Show Abstract | Download Original | Original Source | Check in Google Scholar | DOI: 10.38035/sjam.v3i4.638

Abstract

This study reviews research on integrating machine learning within Lean Six Sigma for predictive analytics in pharmaceutical manufacturing. It targets three operational priorities reported across the literature, predictive maintenance, quality control, and process optimisation. The review follows a systematic design guided by PRISMA and Saunders’ Onion Model, with Scopus and Web of Science as the primary sources. The search applied 2014 to 2024 publication filter and selected peer reviewed journal articles written in English and aligned to the defined scope. Data analysis used thematic analysis with NVivo 15 to code and synthesize evidence across thirty-four studies. Four themes emerged. First, Lean Six Sigma supports productivity and compliance through waste reduction, variation control, and standardised quality practices in pharmaceutical operations. Second, machine learning strengthens the DMAIC cycle by improving pattern recognition, anomaly detection, forecasting, and monitoring, with clear relevance to Analyse, Improve, and Control activities.
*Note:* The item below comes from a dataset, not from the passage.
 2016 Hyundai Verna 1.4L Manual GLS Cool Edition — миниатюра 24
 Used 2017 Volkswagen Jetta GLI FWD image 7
Third, three dominant framework strategies appear in the literature, model centric designs that embed specific algorithms, process centric designs that align analytics to DMAIC phase objectives, and platform-based designs that combine IoT or cloud infrastructure with continuous data processing and feedback. Fourth, case evidence reports practical gains in documentation and audit readiness, equipment failure prediction, process and batch optimisation, and sustainability-oriented improvement, with recurring benefits reflected in lower rejection risk, reduced downtime, and stronger traceability. The review also identifies persistent constraints. Studies report weak standardisation in model selection and evaluation, limited empirical validation across settings, and recurring implementation barriers such as fragmented data, legacy IT constraints, limited skilled personnel, and low interpretability in regulated contexts. Future work should develop phase specific guidance for ML embedded LSS, expand real time deployment studies using live manufacturing data, strengthen governance and validation practices aligned to GMP and data integrity, and adapt frameworks to plant level constraints and product specific risk profiles.